Data Engineer - remote

Posted 3 years ago
Stack Overflow
Go’s Data Science team is looking for an exceptional Data Engineer to join our fully distributed team. Team Go was started with the simple premise that our real-world connections matter, that people matter. We’re building a very different kind of social app, one that helps people get together to create memorable experiences in real life. We believe in a world where social technology unites us and makes us happier. Our team is on a mission to fix social isolation and bring people together to do things they love with the people they love. As one of the first Data Engineers on the team, you will have an outsized impact on upstream and downstream processes. Your work will support all our data efforts, from democratizing self-service product analytics to enabling our machine learning technology. Our Data team is a deliverables-based organization. We believe that you will do your best work if you have the autonomy to define when and from where you work. We also believe that your performance should be judged by parameters that we agree on collaboratively. But this job will not be easy––we are looking for a candidate who likes to solve hard technical problems at scale. Key Responsibilities
  • Write clean, easy-to-read Python code, with plenty of comments for your peers and your future self.
  • Create and manage data pipelines between managed AWS data services (S3, Redshift) using AWS ETL tooling (Glue, Data Wrangler, Data Catalog).
  • Develop ETL and streaming data pipelines in Apache Spark.
  • Manage the integration of various services with Fivetran.
  • Develop and maintain standards for the administration and operation of data pipelines, including the scheduling, running, monitoring, logging, management of errors, recovery from failures, and validation of outputs.
  • Respond to both fires and planned changes to our source data. Effective planning is critical for this role.
  • Contribute to the project planning process by estimating tasks and deliverables.
Skills and Qualifications
  • You have 2-3 years of solid experience as a Data Engineer working on production systems in cloud environments.
  • You’re technically competent with Python, PySpark, and at least one SQL dialect.
  • You have a BS or higher in Computer Science, Mathematics, Statistics, Economics or another quantitative field.
  • You are a skilled written communicator. Our team is 100% remote and writing is our primary means of communication. You communicate complex technical topics clearly and in an approachable way.
  • You enjoy collaboration and knowledge sharing. You appreciate our team’s values of humility and you are eager to collaborate with teammates with any level of statistical or engineering knowledge.
  • You have experience documenting projects and processes with tools like Jira and Confluence.
  • You have experience creating and managing both relational and non-relational databases (Postgres, MongoDB, Cassandra, DynamoDB), as well as data lakes and data warehouses (AWS S3, Redshift).

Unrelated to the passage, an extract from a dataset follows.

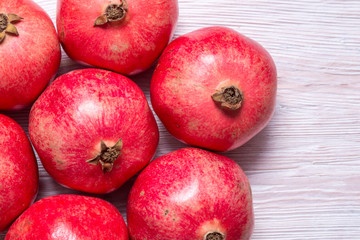 Group of red garnets on wooden background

  • You have DevOps experience and have an understanding of Infrastructure as Code with tools like Terraform.
  • You have an understanding of ETL/ELT processes and design. You’ve built and maintained data pipelines using tools such as AWS Glue and Fivetran.
  • You understand that perfect is the enemy of good, and you like to stay away from over-engineered solutions. You like to find simple solutions that work, iterating upon them as needed.